* _Listed records_
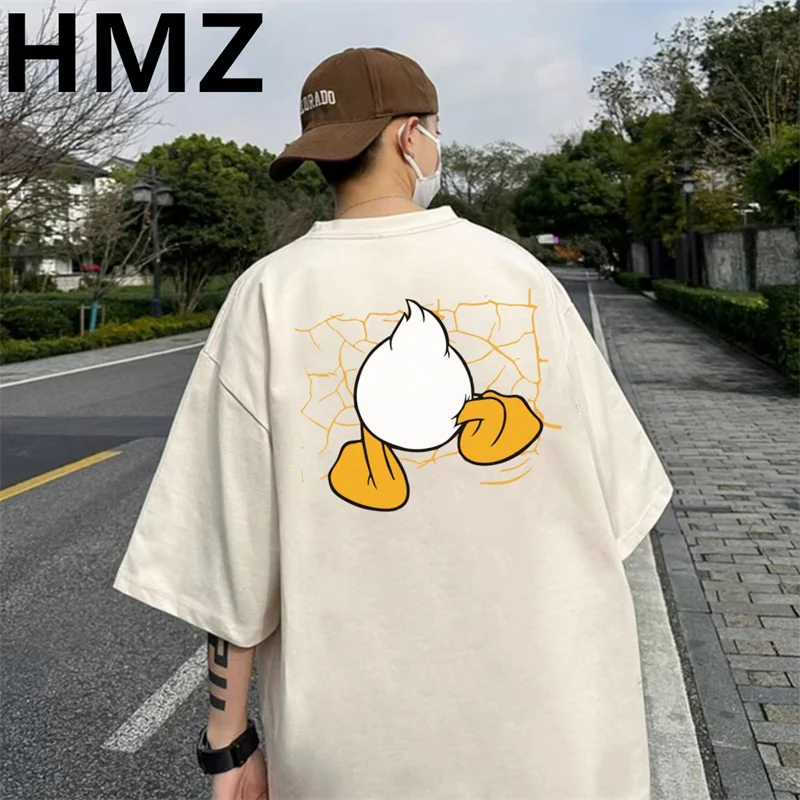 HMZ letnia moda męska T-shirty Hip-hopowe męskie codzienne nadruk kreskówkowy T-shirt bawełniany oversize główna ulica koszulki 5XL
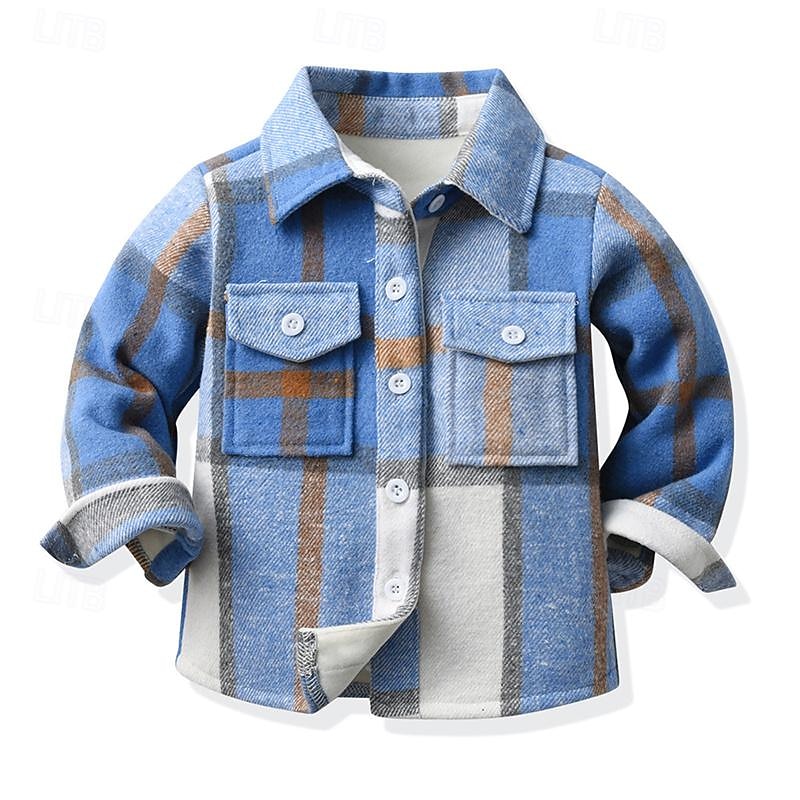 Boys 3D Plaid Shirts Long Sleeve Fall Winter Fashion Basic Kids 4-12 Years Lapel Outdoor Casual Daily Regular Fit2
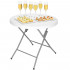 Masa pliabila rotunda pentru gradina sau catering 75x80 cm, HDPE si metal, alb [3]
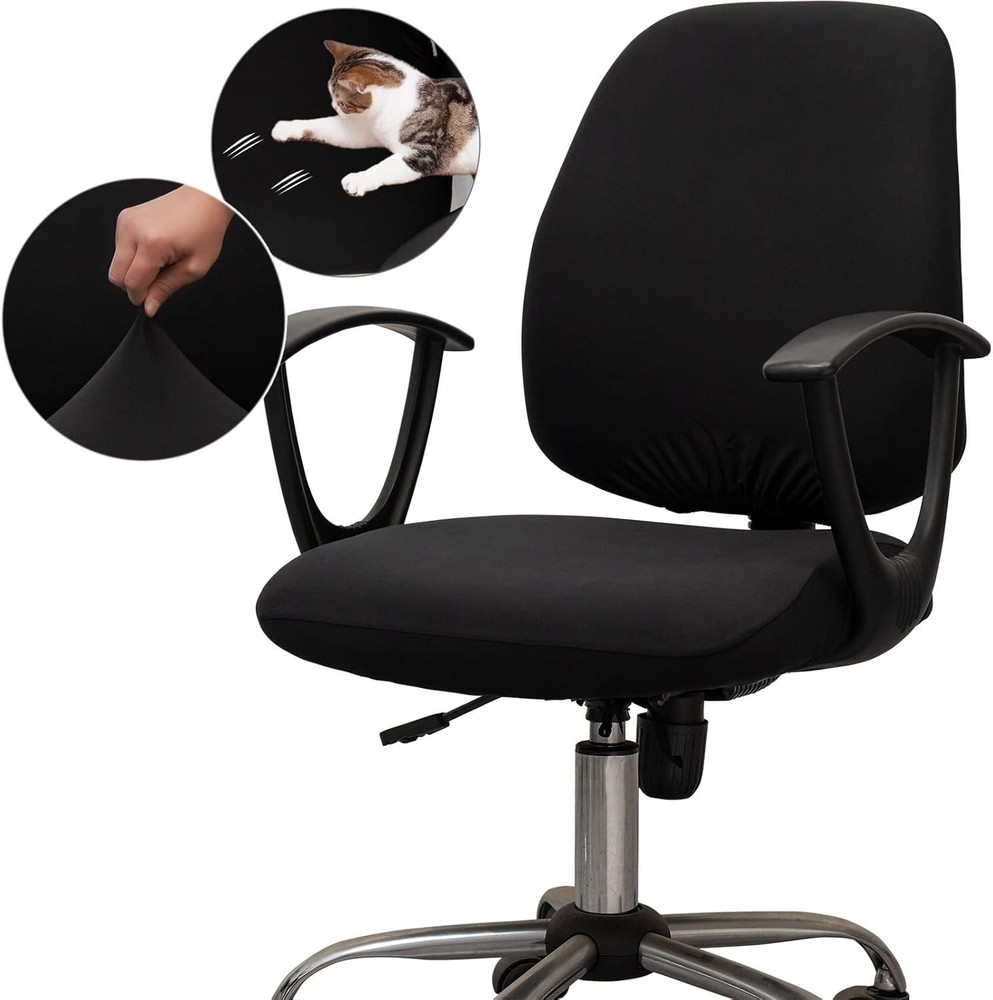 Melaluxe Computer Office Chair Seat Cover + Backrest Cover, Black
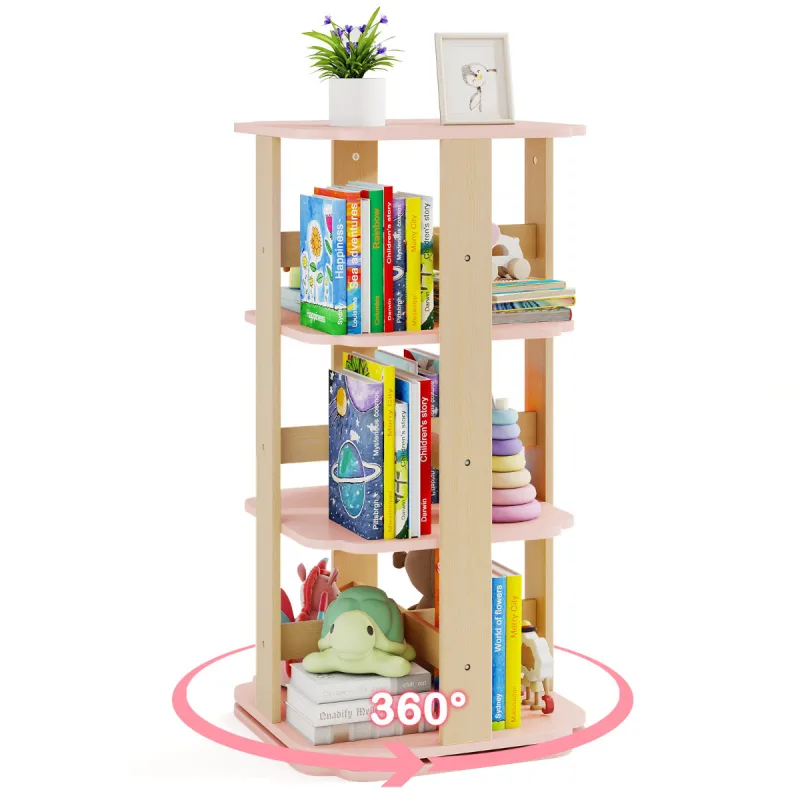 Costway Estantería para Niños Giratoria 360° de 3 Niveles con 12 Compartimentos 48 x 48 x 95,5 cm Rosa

* * *

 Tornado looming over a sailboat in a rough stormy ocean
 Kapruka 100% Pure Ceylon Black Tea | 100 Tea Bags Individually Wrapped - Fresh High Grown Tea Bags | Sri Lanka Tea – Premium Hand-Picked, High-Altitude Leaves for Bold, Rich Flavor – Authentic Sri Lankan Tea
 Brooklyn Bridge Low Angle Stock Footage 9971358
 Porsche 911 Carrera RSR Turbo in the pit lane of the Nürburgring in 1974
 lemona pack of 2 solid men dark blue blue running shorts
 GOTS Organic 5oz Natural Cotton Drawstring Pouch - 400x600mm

---

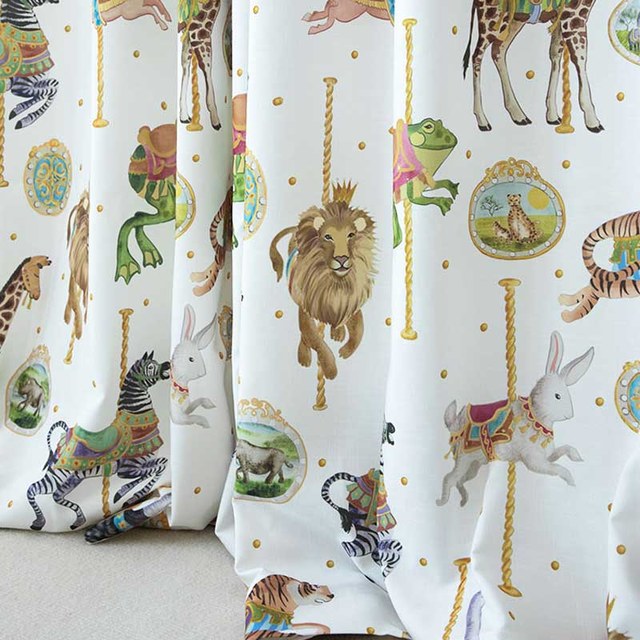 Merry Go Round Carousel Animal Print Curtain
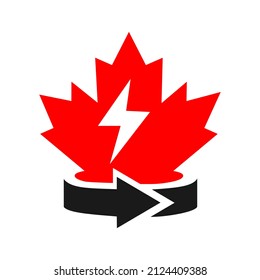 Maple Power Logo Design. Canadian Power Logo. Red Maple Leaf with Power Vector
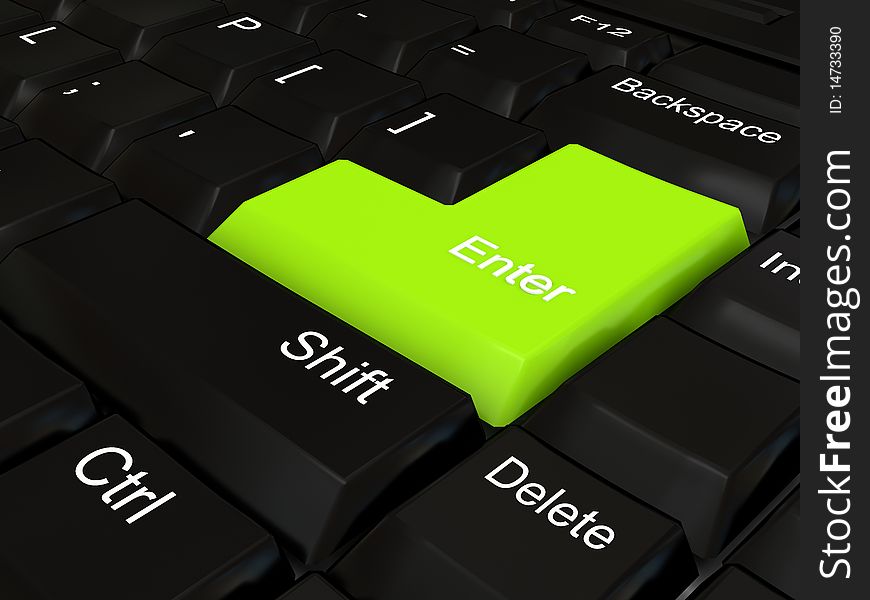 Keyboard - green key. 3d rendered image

* _Activity_
Look above for the line with "Brooklyn Bridge Low"; retype exactly that line, every line after it up to the line with "GOTS Organic 5oz", and that line too, nothing else.

* _Written answer_
 Brooklyn Bridge Low Angle Stock Footage 9971358
 Porsche 911 Carrera RSR Turbo in the pit lane of the Nürburgring in 1974
 lemona pack of 2 solid men dark blue blue running shorts
 GOTS Organic 5oz Natural Cotton Drawstring Pouch - 400x600mm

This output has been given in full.